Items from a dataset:

▬▬▬

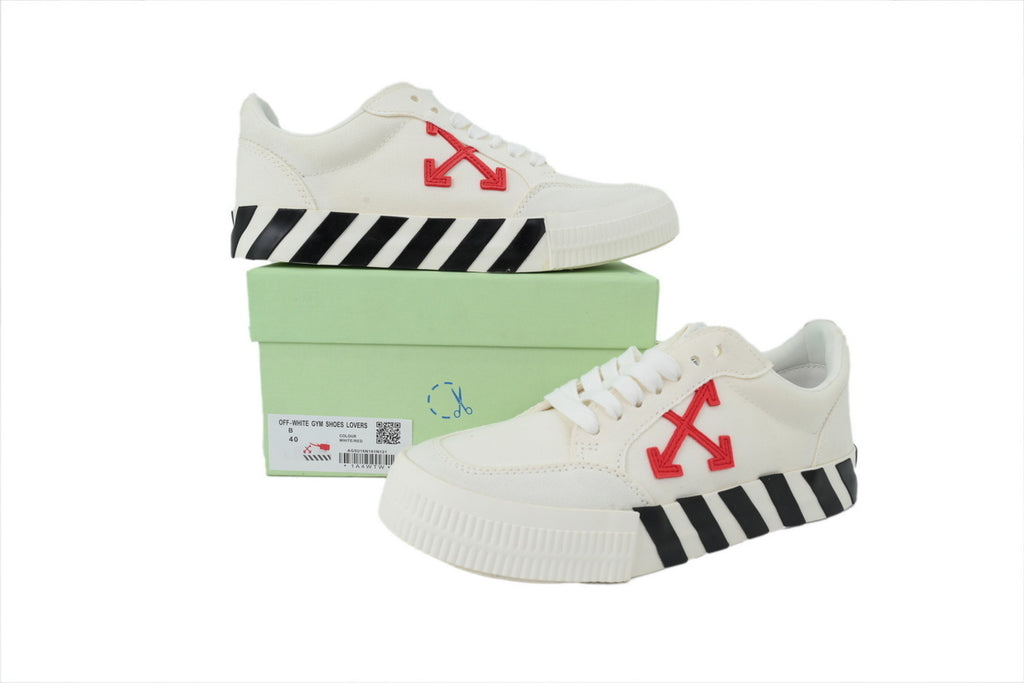 Off-White Vulc Low White Red Canvas Sneakers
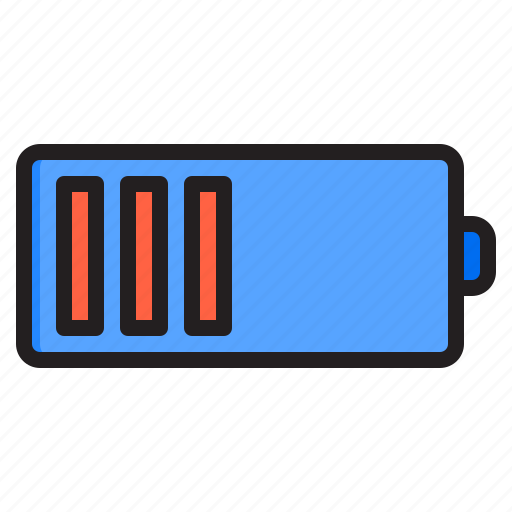 Battery, level, charge, half, power icon - Download on Iconfinder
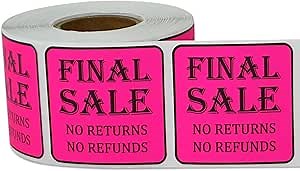 Final Sale Sticker Labels - No Returns and No Refunds Sales Sticker for Garage Sales, Discount Stores, Thrift Shops, Retail, Clearance - 300 Count Pink Square Labels - 1.5 x 1.5 Inch Stickers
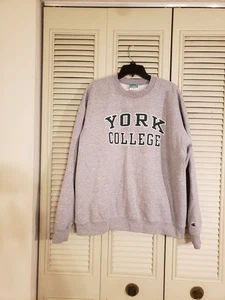 Sudadera Vintage Champion YORK COLLEGE Gris Talla XL - Imagen 1 de 5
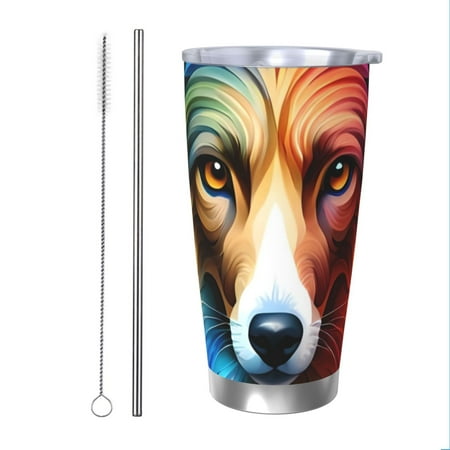 

Vsdgher Colorful Art Dog 20 Oz Stainless Steel Vacuum Insulated Travel Mug Coffee Cup for Home Office Outdoor Works Great for Ice Drinks and Hot Beverage -Straw Two-piece Set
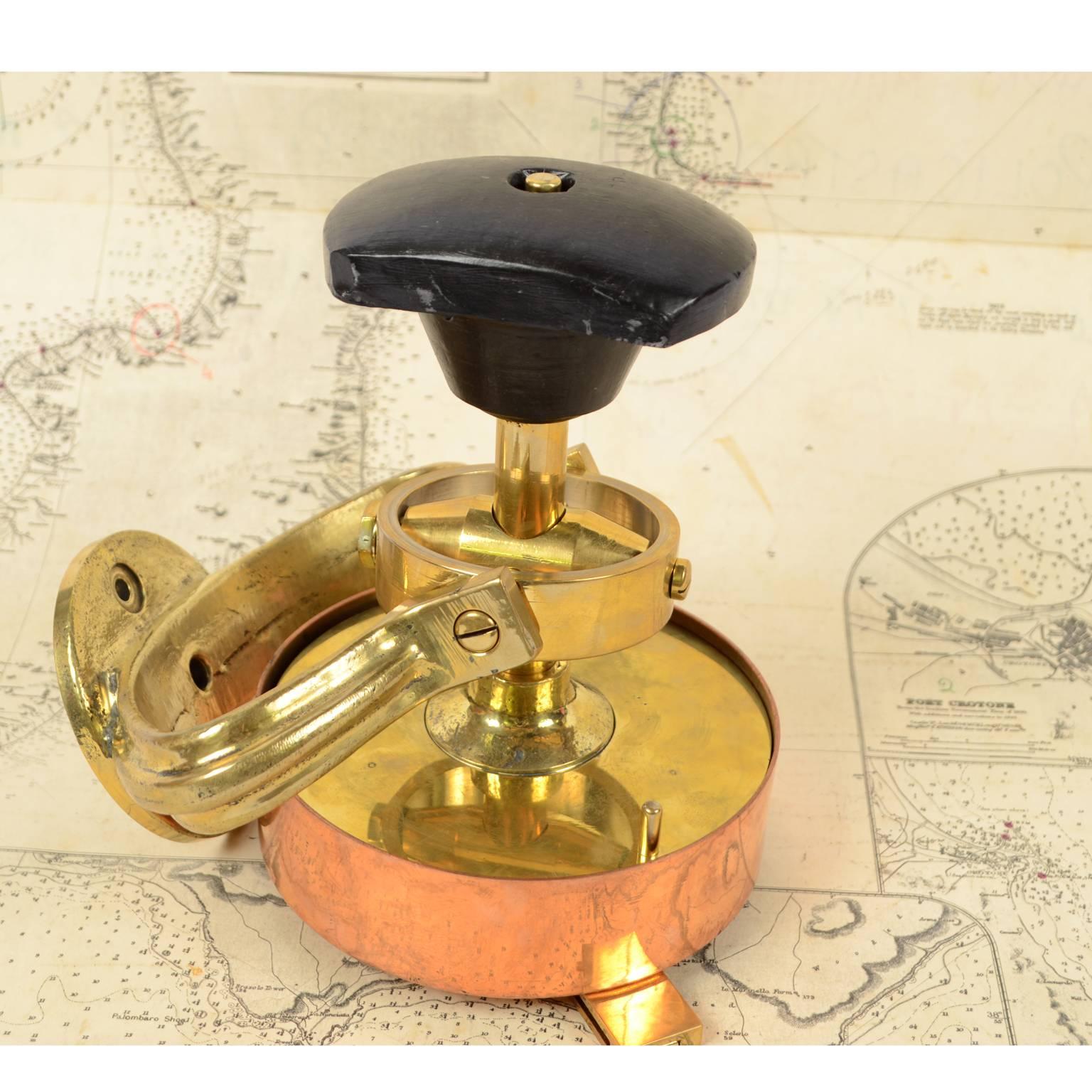 Mid-20th Century Antique Italian Nautical Graphometer with its Original Wooden Box Genoa, 1940s For Sale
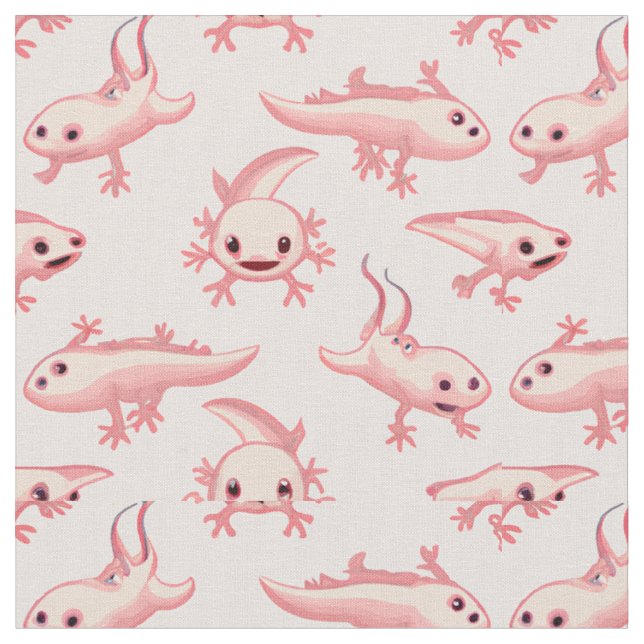 Cute Little Axolotls Tyg (Närbild)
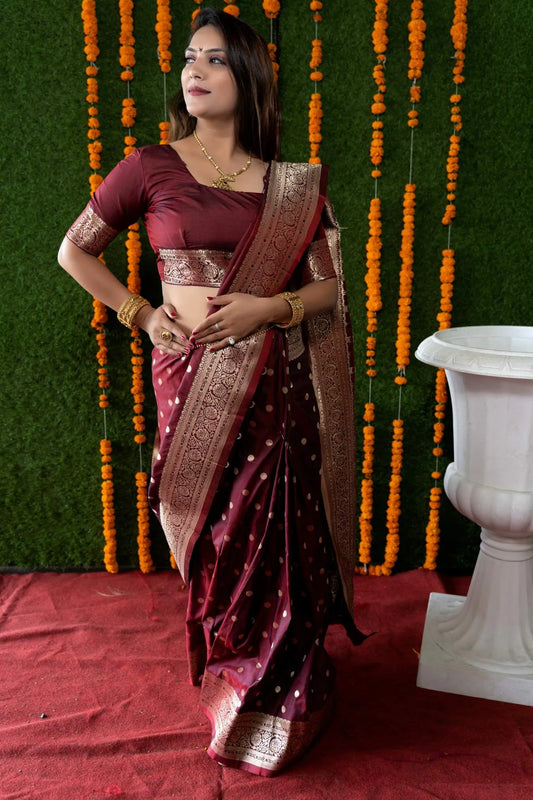 Maroon Colour Wedding Designer Banarasi Silk Saree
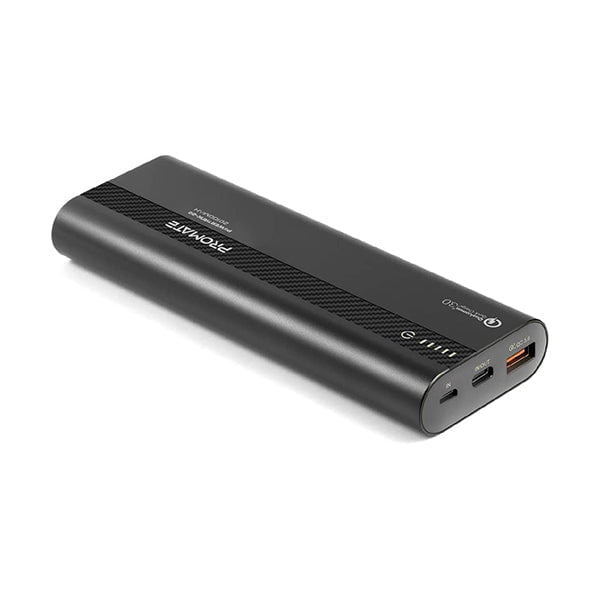 Promate Power Banks Black / Brand New / 1 Year Promate PowerTank-20 20000mAh USB-C Power Bank, Ultra-Fast Qualcomm QC 3.0 External Battery Pack with 18W USB-C In/Out Power Delivery Port and Automatic Voltage Regulation for Smartphones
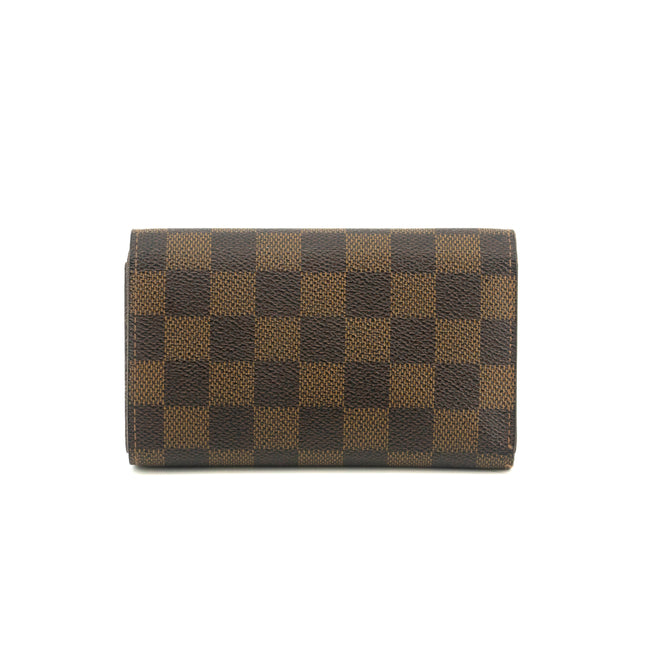 Louis Vuitton Damier Ebene Brown Porte Tresor Wallet #3531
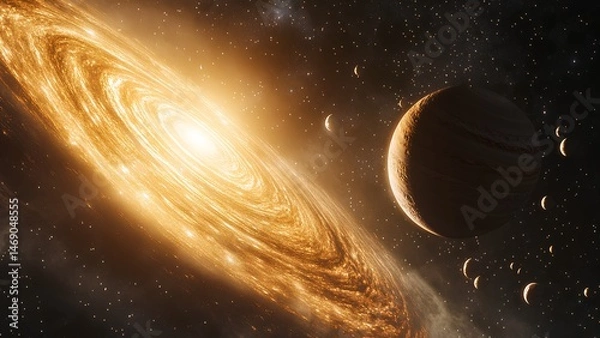 Fototapeta Golden Galaxy with Planet and Asteroids – Stunning Outer Space Scene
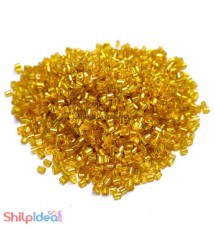 Beads 2mm - Glass Hexagonal - Golden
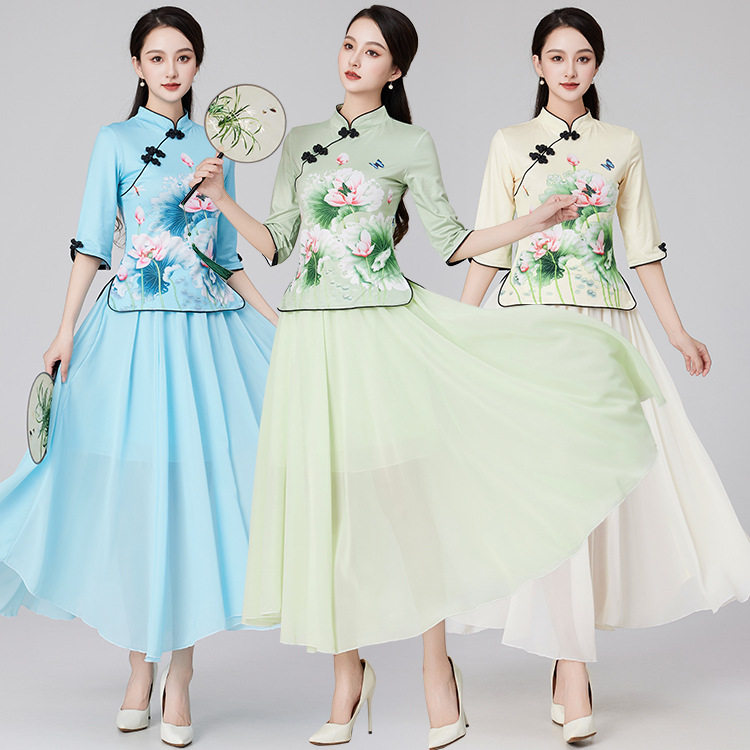 民国风汉服旗袍唐装女跳舞台表演出队服民族套装团体广场舞蹈服装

▬▬▬

■ About this task
Your task is to restate word for word the lines from the top of the data to the line containing "Battery, level, charge, half, power", both ends included, with every picture left out.

■ Expected answer
 Off-White Vulc Low White Red Canvas Sneakers
 Battery, level, charge, half, power icon - Download on Iconfinder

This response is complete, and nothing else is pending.